## WHAT THE TASK REQUIRES
Give back exactly the lines starting at the one with "Cyber Monday 2023, Kid's" and ending at the last line of the data below. Pictures are not part of the copy.

## SOURCE DATA
========

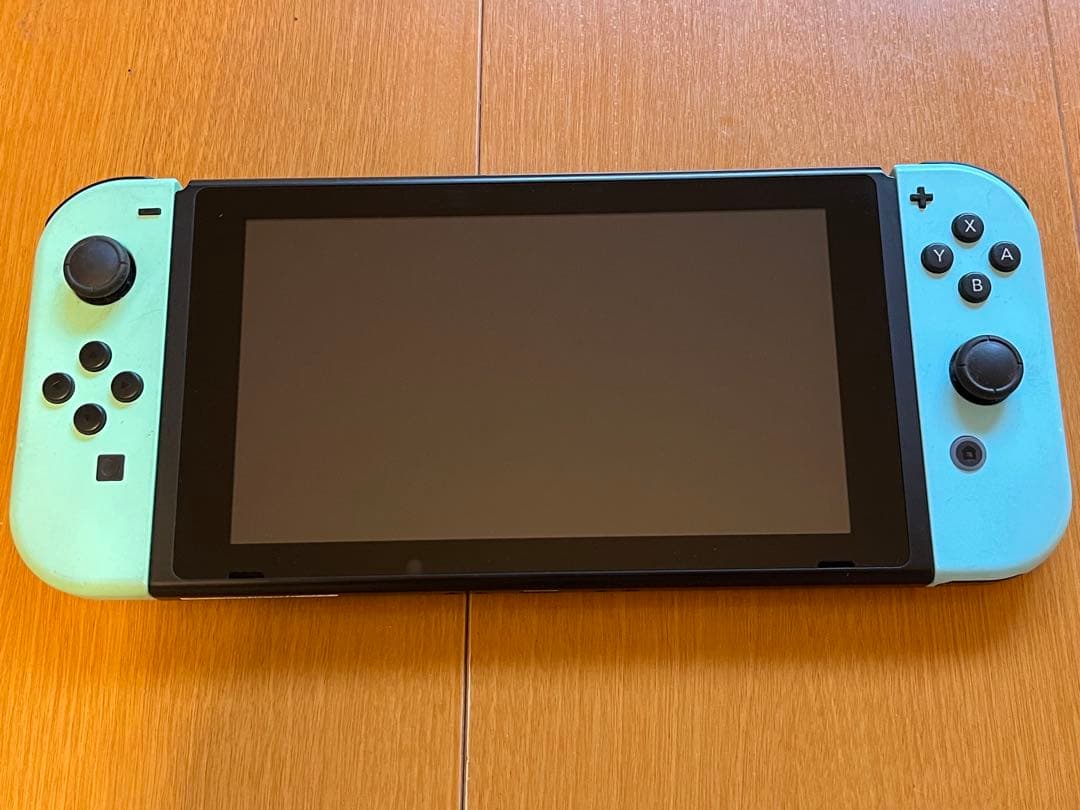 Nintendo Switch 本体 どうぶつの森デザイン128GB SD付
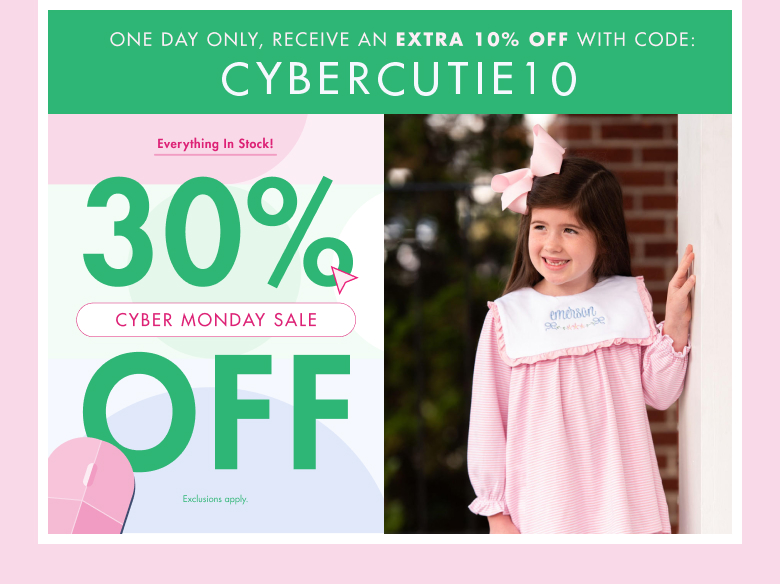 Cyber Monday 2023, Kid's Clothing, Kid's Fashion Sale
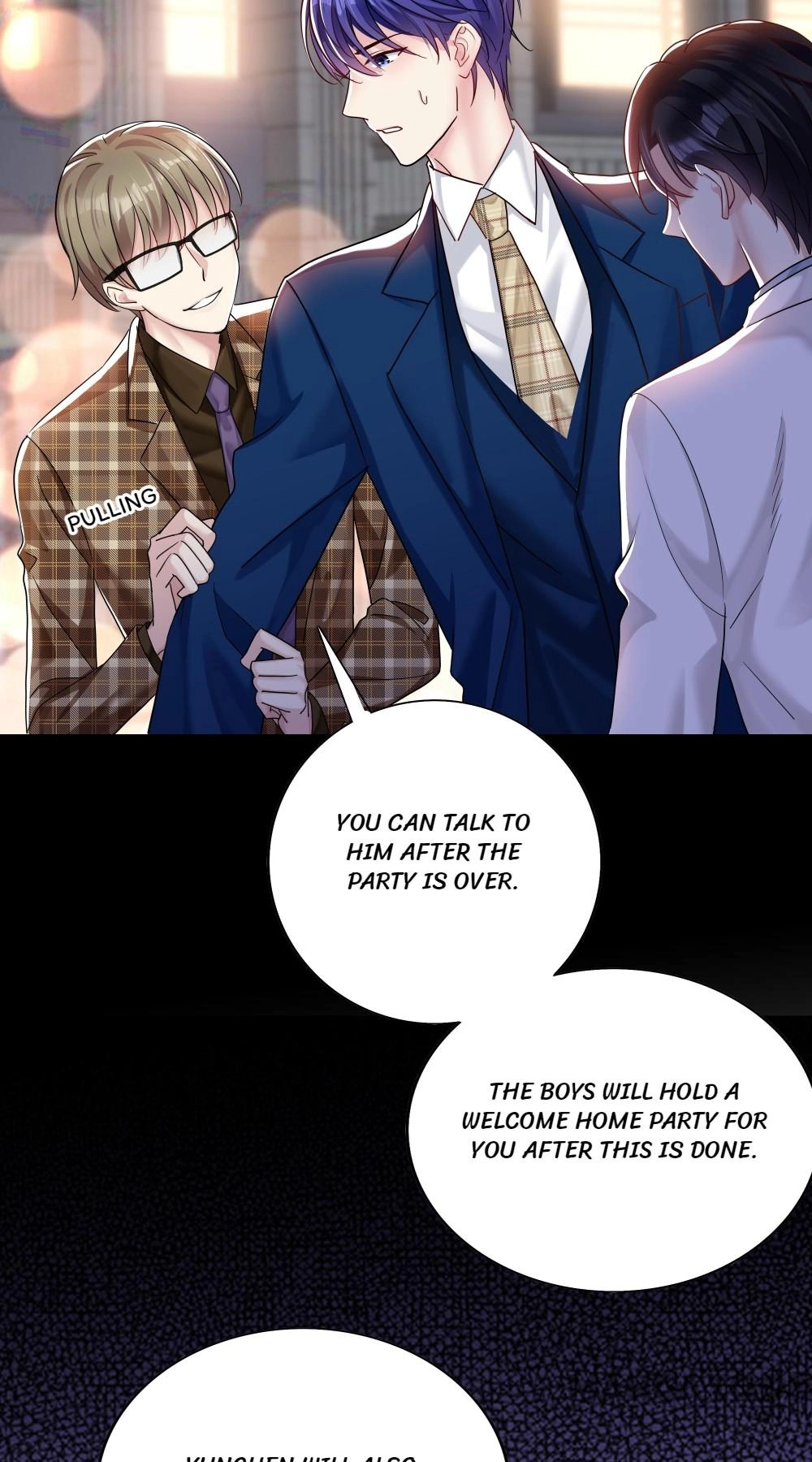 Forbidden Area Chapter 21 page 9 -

========

## TASK ANSWER
 Cyber Monday 2023, Kid's Clothing, Kid's Fashion Sale
 Forbidden Area Chapter 21 page 9 -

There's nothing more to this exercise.